To do = Every line from the one containing "Bộ tổ chức bể cá Nano-Tech Bio-Block" through the end of the listing below goes in the output, exactly and without pictures.

Available data =
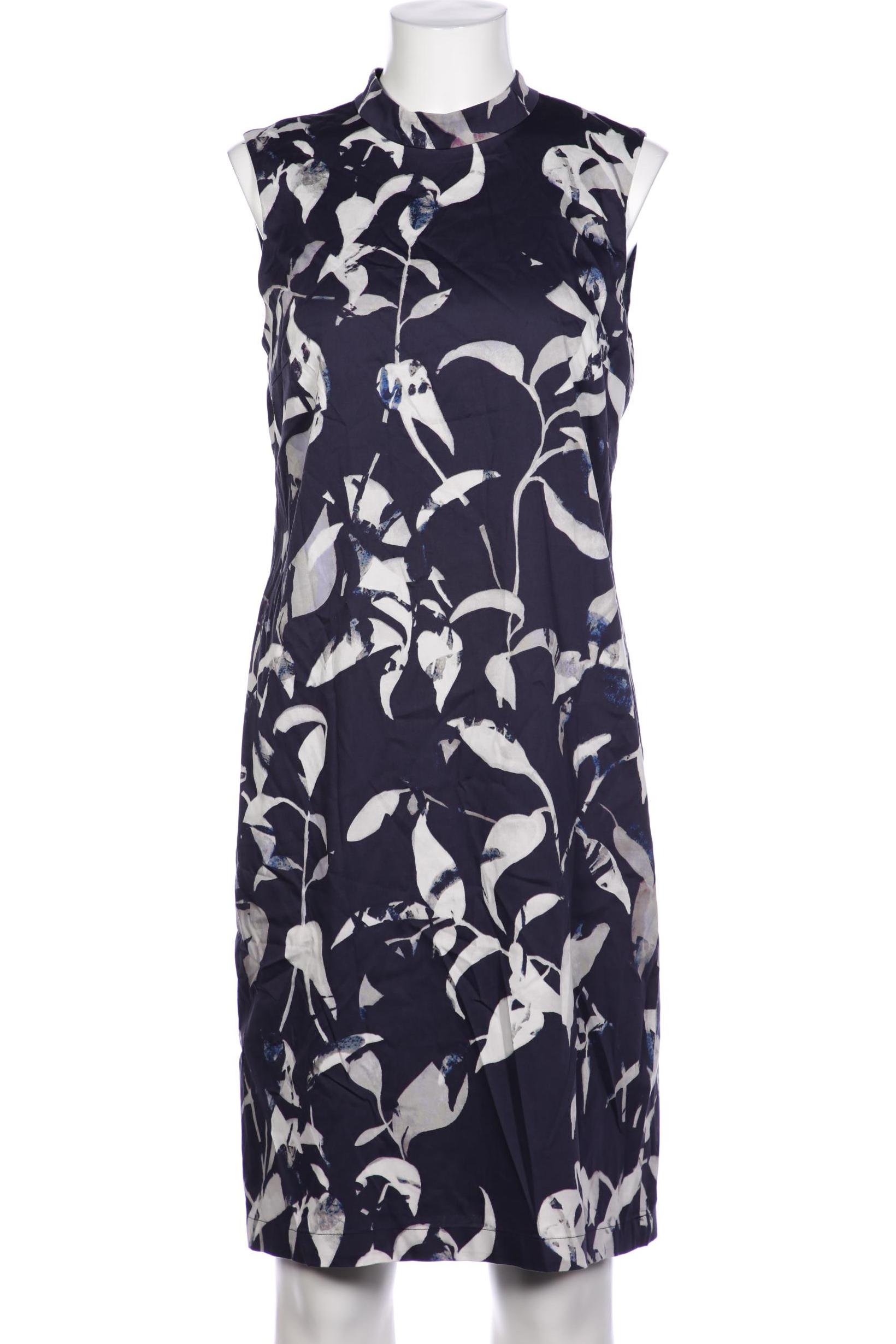 

More & More Damen Kleid, marineblau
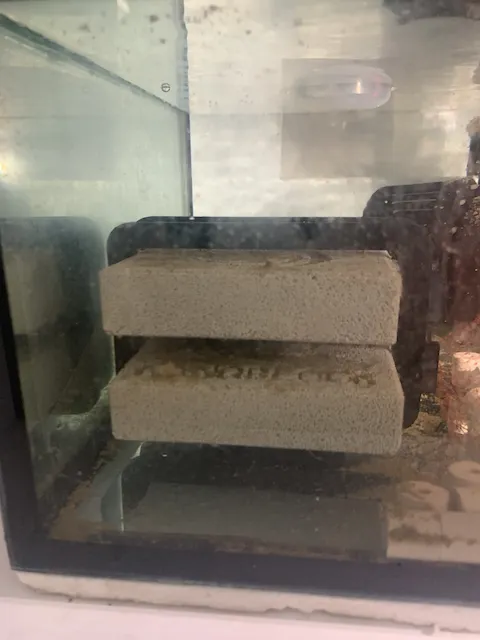 Bộ tổ chức bể cá Nano-Tech Bio-Block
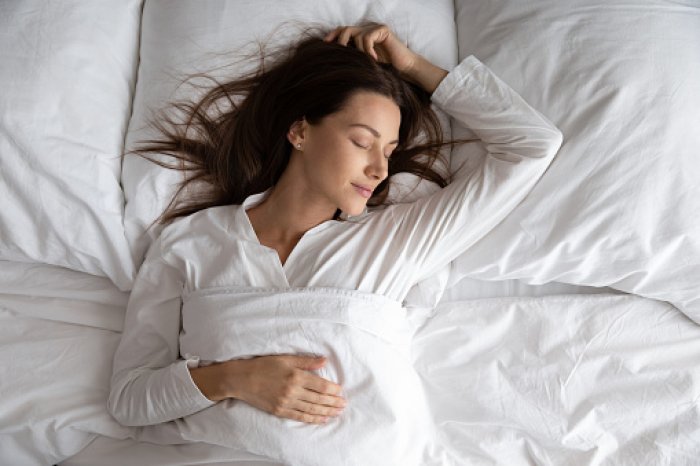 10 tipů pro kvalitnější spánek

Response below =
 Bộ tổ chức bể cá Nano-Tech Bio-Block
 10 tipů pro kvalitnější spánek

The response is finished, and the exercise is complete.